Ten years ago, pop crooner Spencer Day came out publicly. Following his Mormon upbringing in a small Utah town, his big move away from home in his 20s imbued his creative process. Growing up, he fell in love with both Broadway musicals and the glamour associated with jazz life. After he moved to California — which he did with only $300 in his pocket — Day carved out as a career musician, recently fusing his passions in his new collection of reimagined theater works titled Broadway By Day. We chatted with the singer prior to his North Texas debut at a series of concerts at Casa Manana about how he discovered jazz, his love of glamour and the unique loneliness of being the only gay person you know.
— John Carder McClanahan
Dallas Voice: Jazz has a reputation for being niche. How important is it for you to make jazz appeal more widely to audiences? Spencer Day: That’s actually my musical mission and goal. I think jazz needs a few things: It needs to get a sense of humor about itself and not be viewed as elitist. Like cabaret — cabaret really should be provocative and very contemporary, but both can kind of get trapped in this museum piece of what good music is and when it stopped being created in 1960, or something like that. To keep it relevant, you have to find a way to relate jazz to what’s going on in the world in 2020.

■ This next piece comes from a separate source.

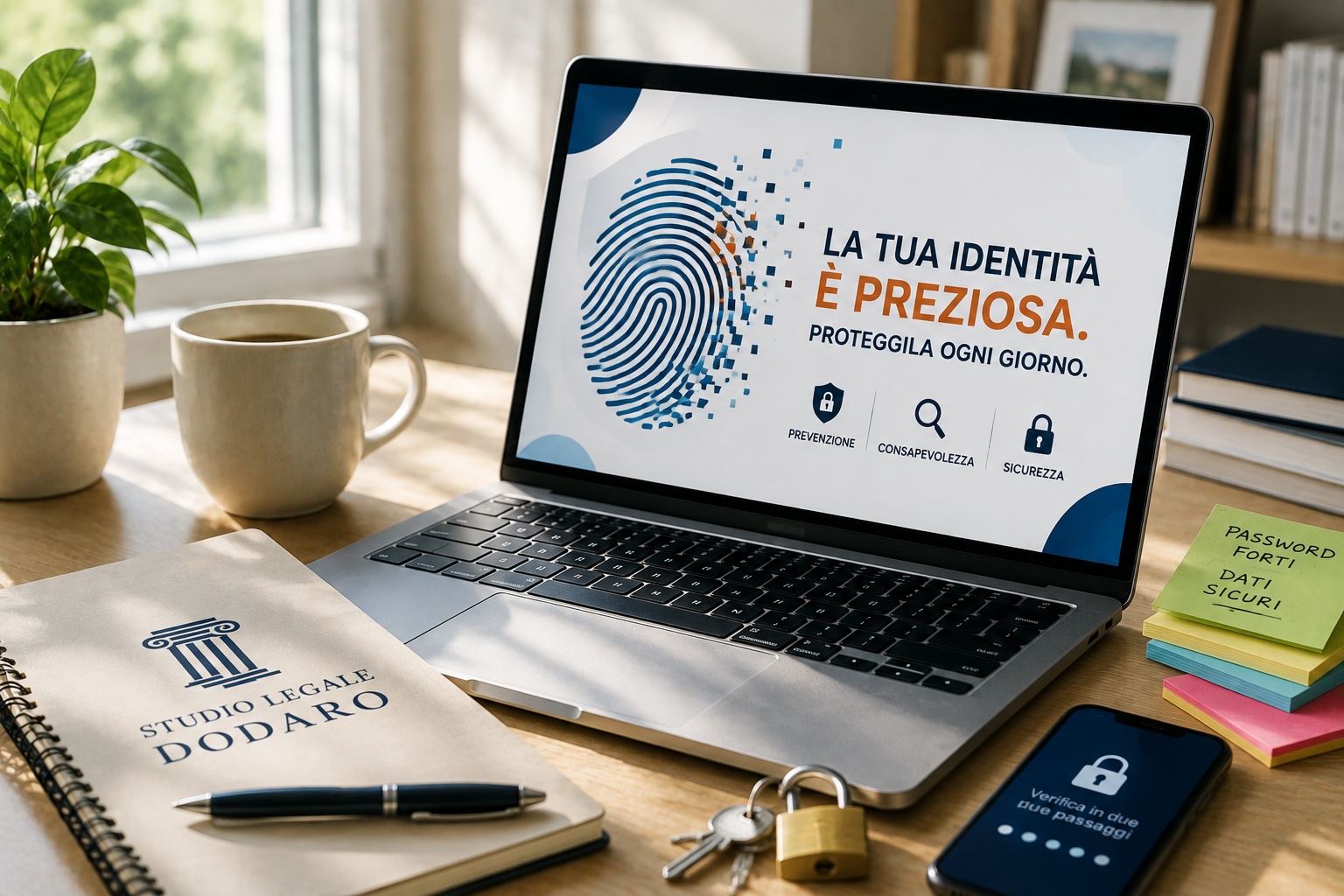 Furto di identità digitale: cosa fare immediatamente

How do you determine what you want to present to a new audience? We just wrapped up a new project, which is all Broadway songs done in a very unusual way. We selected works not typically done in a jazz singer-songwriter context. I feel like a lot of times, when people in the jazz world do Broadway, they tend to do songs people are already doing. But we’re doing stuff from Annie and A Chorus Line, going full-Broadway, despite me not being a Broadway singer. We’ve found [that] so far that it makes for an interesting pairing. I’ll still incorporate some of my original songs to talk about how my process was inspired by my upbringing. I grew up in a pretty religious town, and we didn’t really have access to anything but G-rated movies — Disney movies and MGM musicals and whatever musicals I could watch on VHS. That kind of informed my songwriting sensibilities [which have] always been informed by musicals. So I think that there’s a real thread.

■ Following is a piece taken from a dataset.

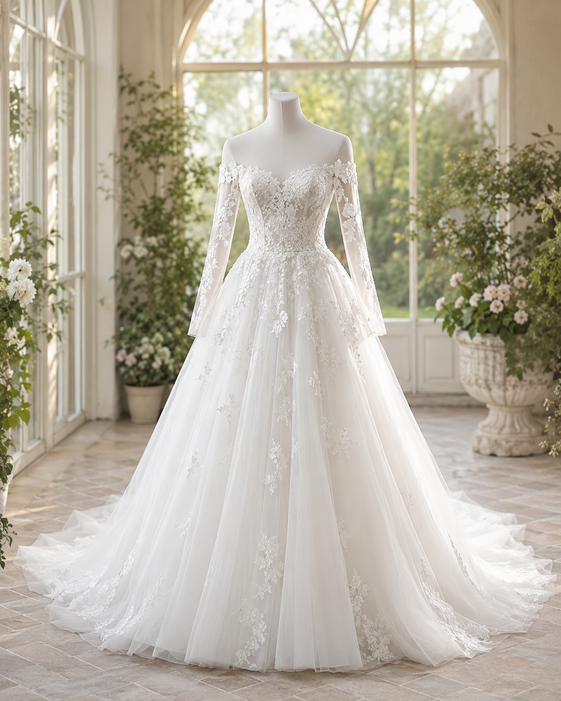 Wedding Dress 8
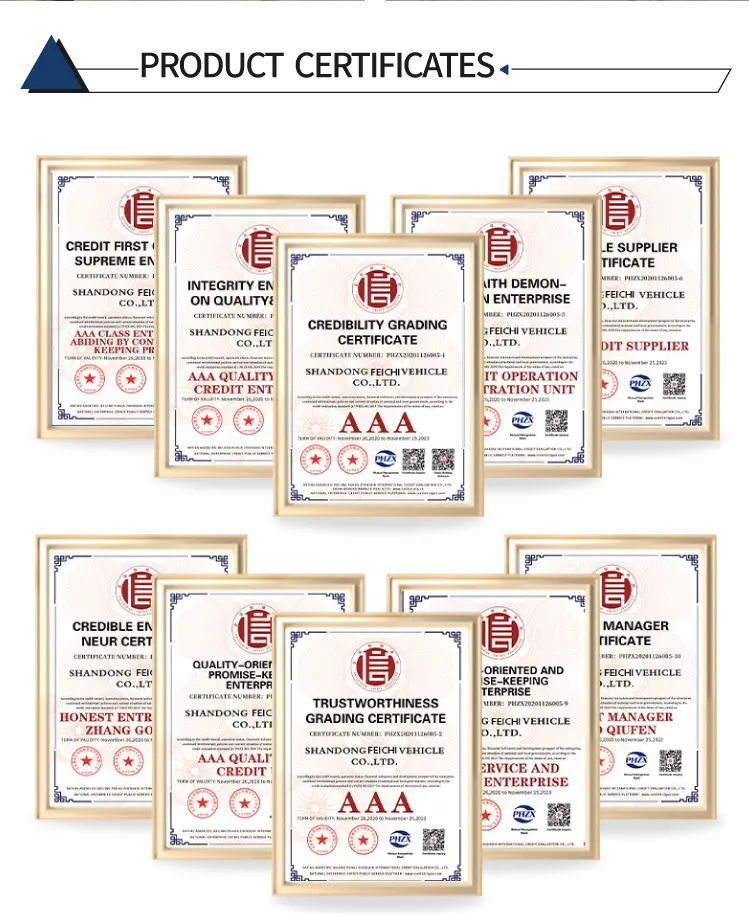 Certifications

The name of the basketball team aside, how did a kid growing up gay and Mormon in a small Utah town become interested in jazz music? I was into anything that felt exotic and deep. Like a scene from a movie, I wanted to be anywhere other than Utah in the ’80s. Now I go back and appreciate how beautiful it is, but at the time, I didn’t fit in. As a kid, I loved flamenco guitar, and the first tape that I bought was the Joy of Klezmer. For me, jazz was just another interesting thing. I would draw pictures of the Chrysler Building and martinis. I didn’t know what martinis were, but I knew they symbolized this dark, urbane world that was so far removed from the alfalfa farms that were around our place. It just symbolized the world and became my whole career. But when I moved to California and then New York City, I wasn’t attracted to fame or money. I was attracted to glamour. I had this desperate need to be around color and anything that dazzled you. And to me, that’s what jazz represented.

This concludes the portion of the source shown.